All I want for … – From The Editor

Sean Rhody

It’s not unusual for the January issue of a magazine to have a column discussing the past, or predicting the future. This year, I thought we might try something a little different. Rather than reminisce or prognosticate, I thought I’d toss out my list of Web service needs in the form of a holiday wish list. Here goes:

Wish 1: A unified security standard. SAML, WS-Security, I don’t much care which, but I want a single standard to prevail, so that we can all get past the “Web services aren’t secure” issue and get on with the real work. Let’s have the implementers innovate around a single standard instead of dancing around trying to support competing standards, or waiting on the sidelines for the dust to settle.

Wish 2: A better UDDI. UDDI is too much of an all-or-nothing technology. You publish something publicly and the whole world knows. Almost no one wants that type of visibility. That’s one of the reasons why people are either using private UDDI registries or foregoing UDDI altogether. Even in private registries, this causes problems when you have a segmented user community. UDDI should work seamlessly with the security standard (see Wish 1) to allow creation of private communities within the same UDDI tree. And don’t tell me I can do this with multiple UDDI servers–that’s a workaround, not a solution.
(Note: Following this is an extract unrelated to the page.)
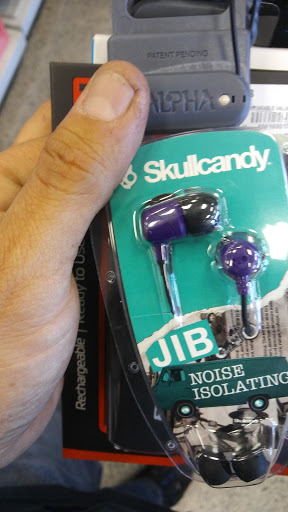 Clothing Store «Ross Dress for Less», reviews and photos, 181 S Las Posas Rd, San Marcos, CA 92078, USA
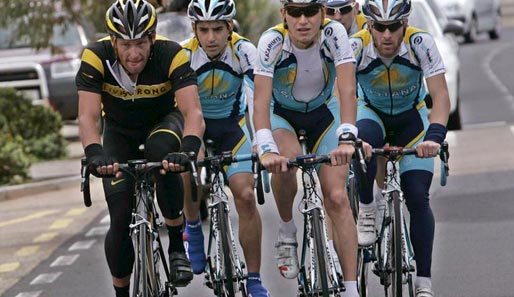 Lance Armstrong hat für Erste die Führung im Astana-Team übernommen.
Wish 3: A simple definition of Web services that the world can agree on. Even our advisory board has trouble with a single definition. Given the issues with UDDI (see Wish 2), it’s hardly surprising that we can’t agree on that. Add to that the fact that SOAP is really a transport mechanism that can be replaced with other technologies and things just get too murky to even put forth an opinion. Can’t we all just get along?

Most people only get three wishes, but I’m feeling really good about 2003, so I’ll throw out a few more for good measure.
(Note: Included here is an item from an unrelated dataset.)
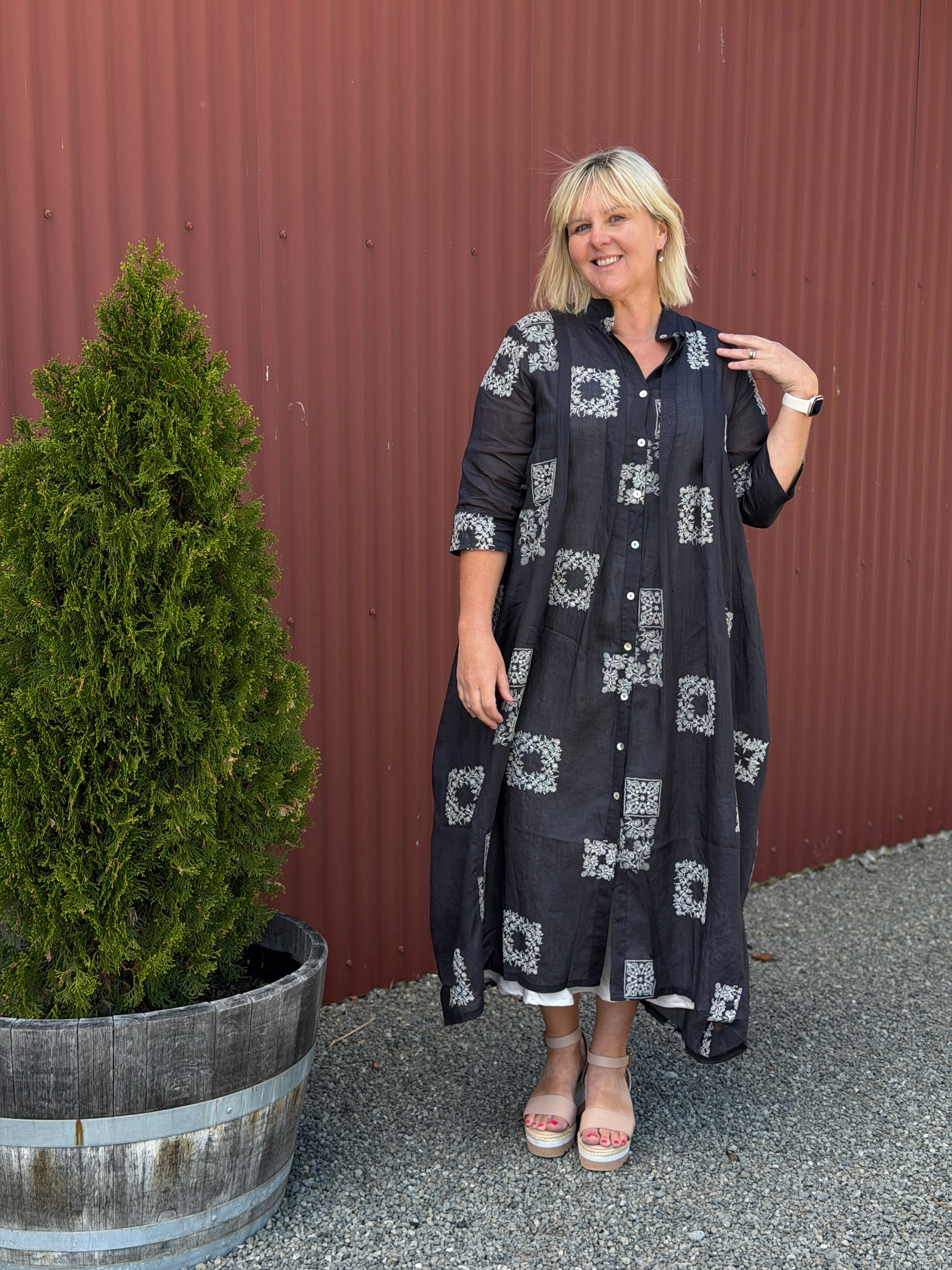 French Me in Dress - Cream/ black Embroidered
Wish 4: OASIS, W3C, and WS-I should merge into a single standards body, preferably run by me. Seriously, the competing standards we deal with are impeding everyone’s progress (see Wish 1). A single group, like the JCP, would provide a better path toward innovation without churn.

Wish 5: A cross-platform development tool so that I never have to look at WSDL or UDDI entries again in my life. Honestly, it’s like looking at HTML code. I can, but why should I have to unless there’s a problem I need to debug? Of course, such a tool has to work with Visual Studio as well as all the Java tools so I know I’m wishing in vain here. But I want something to let me construct WSDL and UDDI entries graphically, and then let the other IDEs generate the starting code structures, rather than developing code first, then WSDL and UDDI would be a gigantic step in the right direction.
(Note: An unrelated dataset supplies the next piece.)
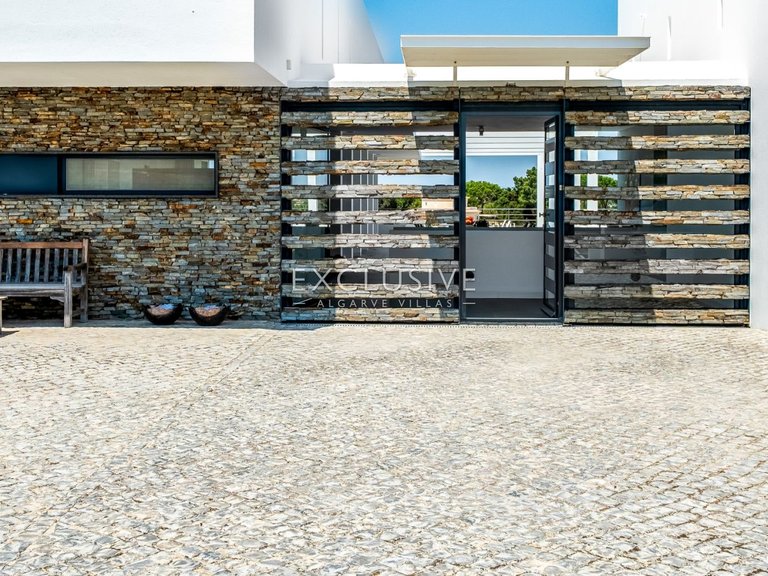 Villa for Sale in Carvoeiro, Algarve 36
Wish 6: An economic upturn. While this is not specific to Web services, as the saying goes “a rising tide lifts all boats.” With a return to prosperity, all of the things we’re looking for will come at a faster pace, spurred on by revived business needs. And everyone just feels better in a growing economy.

Thanks for listening to my wish list, and for reading Web Services Journal. On behalf of my staff and all of SYS-CON, I’d like to extend my personal best wishes to you and yours for the coming year.

Happy New Year, and good reading.

Sean Rhody is the editor-in-chief of Web Services Journal. He is a respected industry expert and a consultant with a leading Internet service company.